How to approach search indexing for a forum with post content being searchable?

Hi guys, I need your help on how I will approach a search index forum in which I can search the post content searchable. The problem is that I have some threads that has more than 500-800+ posts and most of them have huge amount of texts (multiple paragraphs).

Currently my data format is that the posts is a nested object, so that means I will have a 500-800+ nested object in a thread. The problem is that if I will sync a post (someone updated or added a post in a thread) I will need to sync all thos 500-800+ nested objects in a thread. Am I doing this right? Hope someone can guide me on this on a more optimizied way. I just want the threads as a result. Thanks.

Please look at the screenshot for more info about the data format I’m using.

1 Like

Hello david2,

Thank you for posting on our Discourse. Your idea is a good approach. However, it impacts the relevancy and efficiency of your queries.

A better solution would be to split your record into multiple ones, one of each paragraph, so that you end up with many records matching a single post that must all share a unique ID for the given post. Then, you can use this ID attribute as attributeForDistinct and the Algolia distinct feature which will let you search within those records with good relevancy. This is actually what we do internally with DocSearch.
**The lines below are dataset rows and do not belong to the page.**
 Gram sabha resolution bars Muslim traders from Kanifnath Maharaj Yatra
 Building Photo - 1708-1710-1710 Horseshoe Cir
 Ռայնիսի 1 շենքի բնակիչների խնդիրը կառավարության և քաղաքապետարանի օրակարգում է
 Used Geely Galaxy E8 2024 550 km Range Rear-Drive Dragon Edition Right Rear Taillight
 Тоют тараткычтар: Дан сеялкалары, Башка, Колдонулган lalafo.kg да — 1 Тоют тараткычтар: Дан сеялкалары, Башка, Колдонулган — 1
I highly recommend you to read this article from Julien, our CTO, regarding this specific use-case: https://blog.algolia.com/inside-the-engine-part-7-better-relevance-via-dedup-at-query-time/

EDIT: I forgot to add a link to our guide regarding the distinct feature. Here it is: https://www.algolia.com/doc/guides/search/distinct/#guides

And feel free to tell me if you need more help. :slight_smile:

Have a nice day,

1 Like

Hi Anthony,

Thanks for the solution, I’ve tried it and this is what I need.

Have a nice day,

David

1 Like